◆ TRY IT
In the data below, the answer is the run of lines from the line containing "EXARUS Girls Jeans" through the line containing "circuit board sphere isolated on white background circuit", both included; print it exactly and nothing else.

◆ RECORD EXCERPTS
--

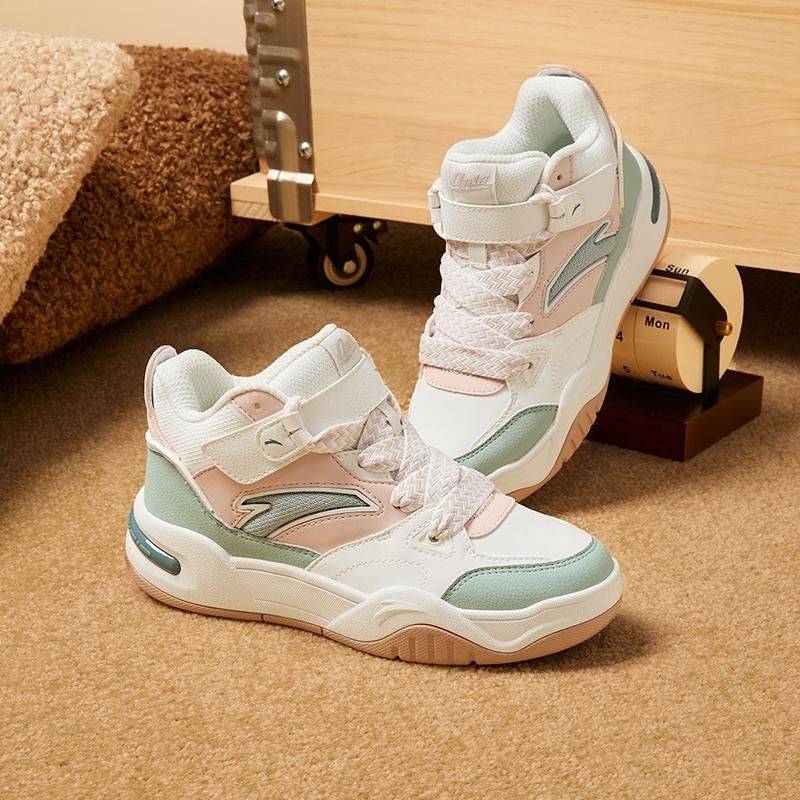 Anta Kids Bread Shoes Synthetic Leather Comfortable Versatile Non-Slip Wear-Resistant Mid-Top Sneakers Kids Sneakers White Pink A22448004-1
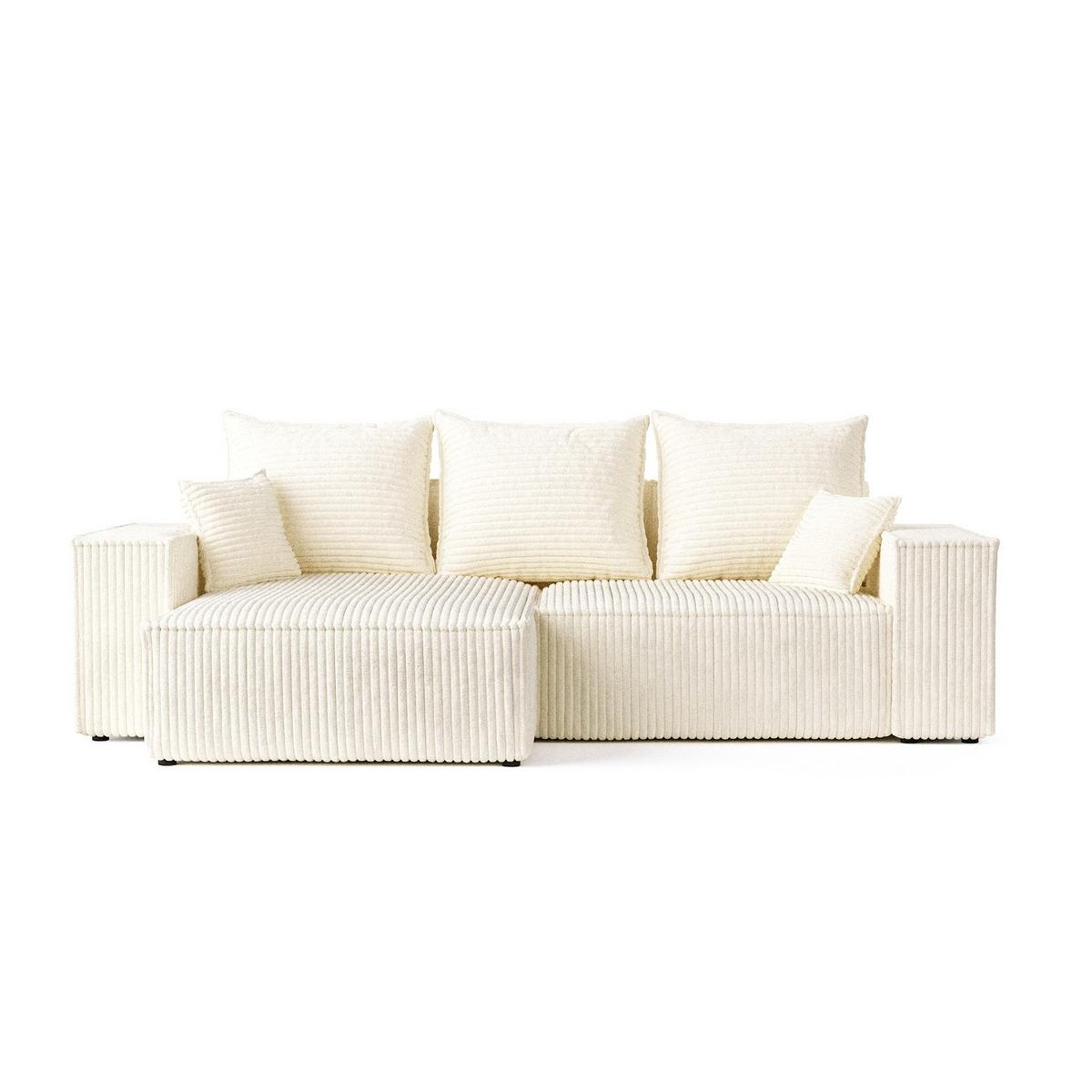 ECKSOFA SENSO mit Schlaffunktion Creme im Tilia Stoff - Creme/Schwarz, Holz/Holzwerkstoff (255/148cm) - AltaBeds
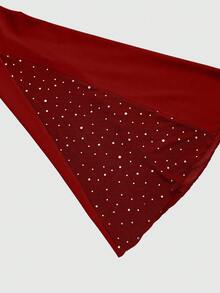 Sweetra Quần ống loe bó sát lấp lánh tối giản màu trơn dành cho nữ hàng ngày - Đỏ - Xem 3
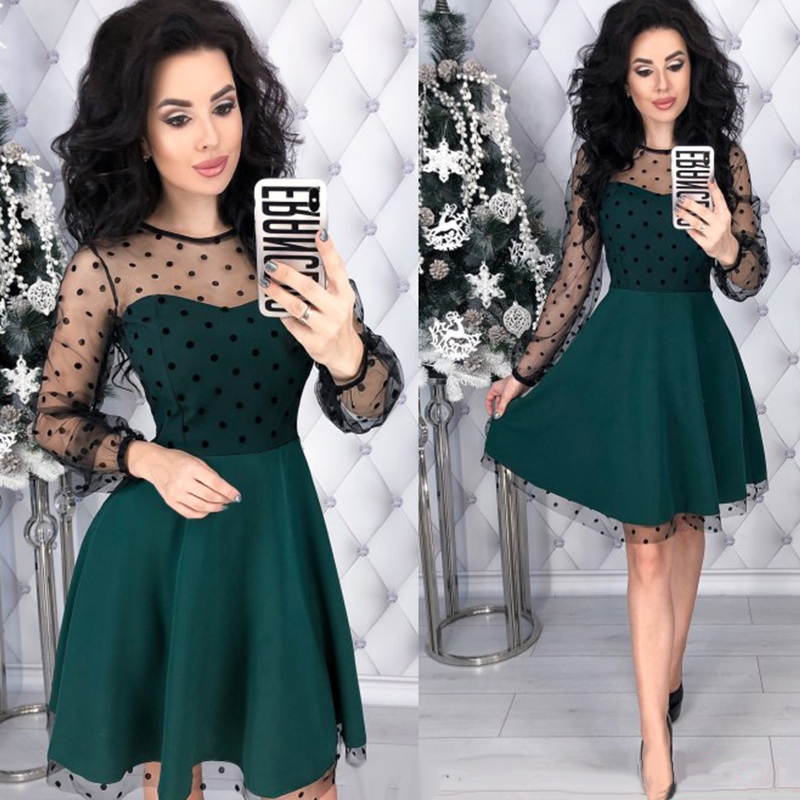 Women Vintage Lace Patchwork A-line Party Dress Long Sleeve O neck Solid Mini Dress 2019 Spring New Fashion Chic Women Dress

--

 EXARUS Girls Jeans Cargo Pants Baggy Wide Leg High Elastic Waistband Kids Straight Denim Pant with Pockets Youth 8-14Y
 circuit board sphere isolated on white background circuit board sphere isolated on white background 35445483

--

◆ RESPONSE TO THIS EXERCISE
 EXARUS Girls Jeans Cargo Pants Baggy Wide Leg High Elastic Waistband Kids Straight Denim Pant with Pockets Youth 8-14Y
 circuit board sphere isolated on white background circuit board sphere isolated on white background 35445483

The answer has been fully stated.